No Hesed/Lovingkindness in P

In his analysis of the Priestly (P) source in the Hebrew Bible, Friedman demonstrates that the concept of hesed, often translated as compassion or lovingkindness, is entirely absent from P. While other sources in the Hebrew Bible, such as the Deuteronomistic and Prophetic texts, frequently emphasize God's compassionate and merciful nature, P presents a different theological perspective. Instead of focusing on Yahweh's emotional qualities and loving relationship with humanity, P predominantly emphasizes ritual and legalistic matters, such as the precise observance of laws and regulations pertaining to the priesthood, sacrifices, and the Tabernacle. This lack of emphasis on God's hesed in P sets it apart from other sources and reveals a distinctive theological orientation that centers on the proper conduct of religious practices and the establishment of divine order. By highlighting the absence of hesed in P, Friedman underscores how this source contributes to the broader tapestry of the Hebrew Bible, presenting a unique portrayal of Yahweh that contrasts with the compassionate and loving God depicted in other biblical traditions.

He explains:

The fundamental vocabulary of the category of mercy, formalized in the divine formula of Exodus 34, is completely missing in the pre-Exilic Priestly compositions. All forms of the root rhm are missing, as are all forms of hnn. There is not a single reference to the hesed of YHWH…The absence of concern with mercy, grace, hesed, and repentance in P is itself a valuable datum for exegesis, and for dating was well (p. 123-124).

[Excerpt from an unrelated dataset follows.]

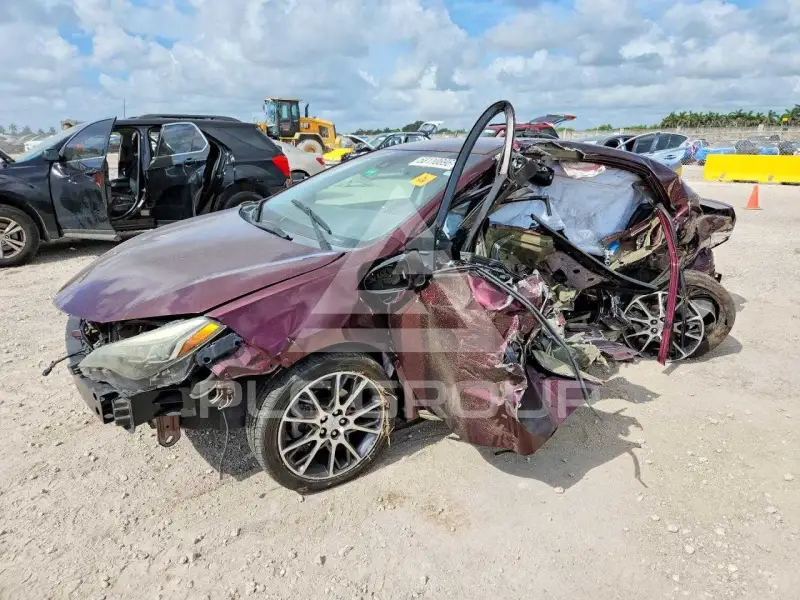 2017 Toyota COROLLA фото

To Friedman, by combining P with D/JE, the redactors were making something that neither JED or P had considered, something bigger than the parts could have ever conceived:

Quite simply, the uniting of the JE and Priestly texts within the single Priestly work resulted in a new theological formula of justice and mercy which corresponded neither to that of JE nor to that of P. The proportional ratio of these qualities to one another within the character of YHWH in the Priestly work bore no resemblance to that of either of its components. The portrayal of YHWH in the united Torah therefore depicts the deity as embodying a quality of compassion which the pre-Exilic Priestly writer(s) never intended to emphasize so, while it develops the reverse constituent of the divine character far beyond the original portrayal thereof in JE texts. A new view of the tension between the divine traits of mercy and justice was thus born in the design of the Exilic tradent (p. 124, emphasis added).

In sum, Richard Friedman skillfully demonstrates that the pre-exilic and post-exilic priestly author, through a process of skillful combination and reaction to the Deuteronomistic historian, crafted a Hebrew Bible that transcended the individual sources of D (Deuteronomistic) and P (Priestly). By deftly weaving together their unique perspectives and theological standpoints, the priestly author created a work that stood apart from both D and P while also surpassing them in its significance and impact. Through this masterful amalgamation, the priestly author produced a new and cohesive narrative that held a deeper and richer theological meaning, elevating the Hebrew Bible to become a cohesive and powerful testament to the history, spirituality, and identity of the ancient Israelites.